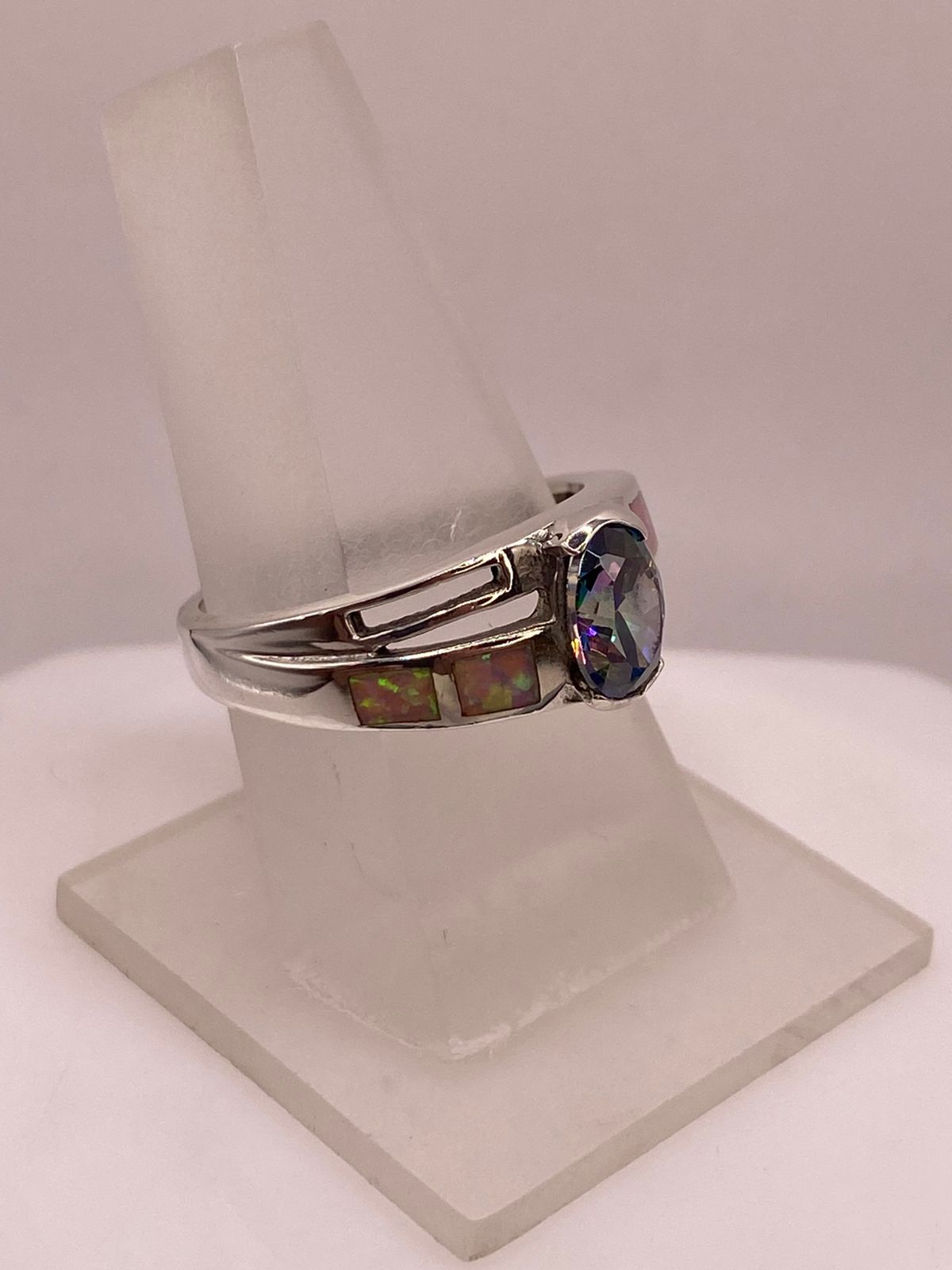 Anillo Solitario de Plata Ley 950 con Ópalo de Fuego y Zirconia Multicolor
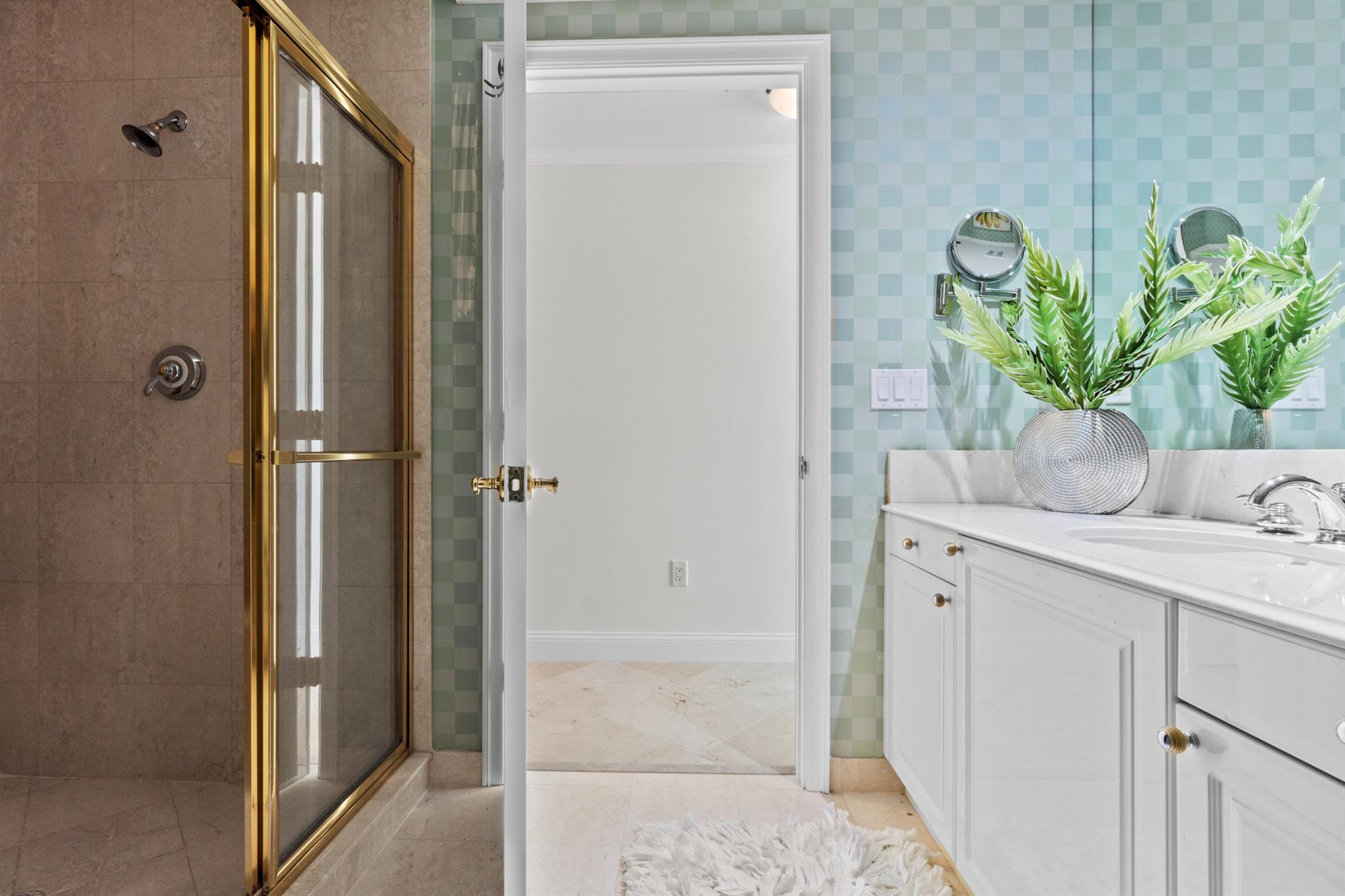 1063 Hillsboro Mile #501 Hillsboro Beach, FL 33062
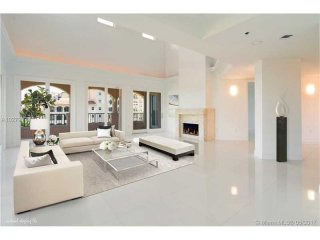 3 bedroom Flat For Sale: 13643 Deering..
######
Exercise goal
Would you give the data above again word for word, skipping any images?

Problem solution
 Anillo Solitario de Plata Ley 950 con Ópalo de Fuego y Zirconia Multicolor
 1063 Hillsboro Mile #501 Hillsboro Beach, FL 33062
 3 bedroom Flat For Sale: 13643 Deering..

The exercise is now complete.